This document describes how to use the Google Cloud console to create an alerting policy that monitors the number of processes running on your virtual machines (VMs) that meet conditions you specify. This type of alerting policy is sometimes called a process-health alerting policy. For example, you can count the number of processes started by the root user. You can also count the number of processes whose invocation command contained a specific string. An alerting policy can notify you when the number of processes is more than, or less than, a threshold. For information about which processes can be monitored, see Processes that are monitored.
This content does not apply to log-based alerting policies. For information about log-based alerting policies, which notify you when a particular message appears in your logs, see Monitoring your logs.
Before you begin
-
To get the permissions that you need to create and modify alerting policies by using the Google Cloud console, ask your administrator to grant you the Monitoring Editor (
roles/monitoring.editor
) IAM role on your project. For more information about granting roles, see Manage access to projects, folders, and organizations.You might also be able to get the required permissions through custom roles or other predefined roles.
For more information about Cloud Monitoring roles, see Control access with Identity and Access Management.
Ensure that you're familiar with the general concepts of alerting policies. For information about these topics, see Alerting overview.

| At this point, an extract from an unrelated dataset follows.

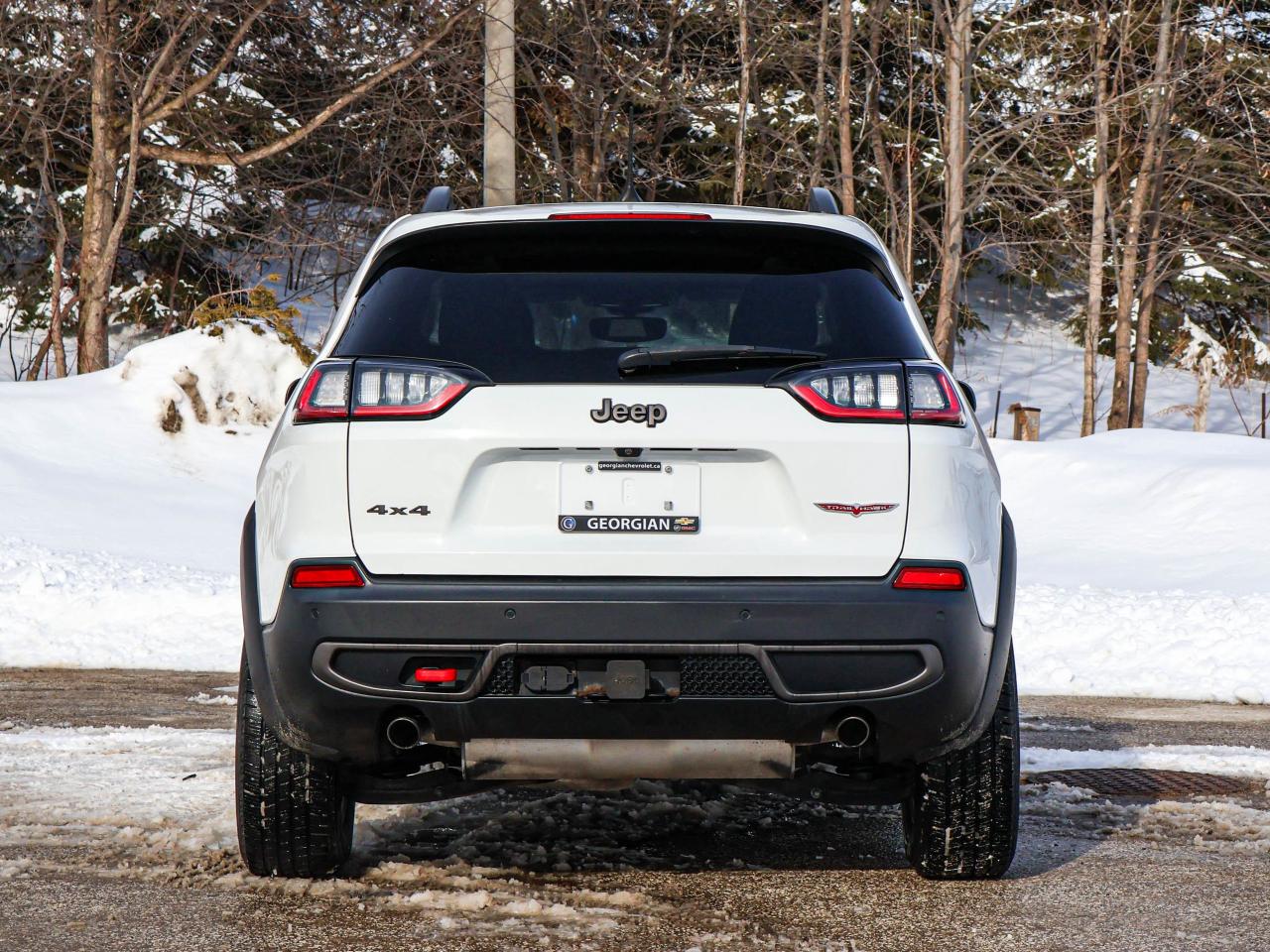 2020 Jeep Cherokee Trailhawk Elite Photo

Configure the notification channels that you want to use to receive any alerts. For redundancy purposes, we also recommend that you create multiple types of notification channels. For information about these steps, see Create and manage notification channels.
Ensure that you've installed the Ops Agent on the VMs that you want to monitor. For more information, see Google Cloud Observability agents.
Create alerting policy
To create an alerting policy that monitors the count of processes running on a VM by using the Cloud Monitoring API, the filter expression must specify a time series selector. For an example of a JSON file that specifies this selector, see Process-health policy.
To create an alerting policy that monitors the count of processes running on a VM, do the following:
-
In the Google Cloud console, go to the notifications Alerting page:
If you use the search bar to find this page, then select the result whose subheading is Monitoring.
- Select Create policy.
Select ? on the Select metric section header and then select Direct filter mode in the tooltip.
Enter a Monitoring filter.
For example, to count the number of processes that are running on Compute Engine VM instances whose name includes
nginx
, enter the following:select_process_count("monitoring.regex.full_match(\".*nginx.*\")") resource.type="gce_instance"
For syntax information see the following resources:
- For filters used to count processes running on virtual machines, see Process-health filters.
- For general syntax, see Monitoring filters.
Complete the alerting policy. You must configure the condition trigger, notifications, documentation, and policy name, and then click Create policy.
For more information, see Create metric-threshold alerting policies.
Processes that are monitored
Not all processes running in your system can be monitored by a process-health condition. This condition selects processes to be monitored by using a regular expression that is applied to the command line that invoked the process. When the command line field isn't available, the process can't be monitored.
One way to determine if a process can be monitored by a process-health condition
is to look at the active processes. For example, on a Linux system, you
can use the ps
command:
ps aux | grep nfs
USER PID %CPU %MEM VSZ RSS TTY STAT START TIME COMMAND
root 1598 0.0 0.0 0 0 ? S< Oct25 0:00 [nfsd4]
root 1639 0.0 0.0 0 0 ? S Oct25 2:33 [nfsd]
root 1640 0.0 0.0 0 0 ? S Oct25 2:36 [nfsd]
When a COMMAND
entry is wrapped with square brackets, for example [nfsd]
,
the command-line information for the process isn't available. In this situation,
you can't use Cloud Monitoring to monitor the process.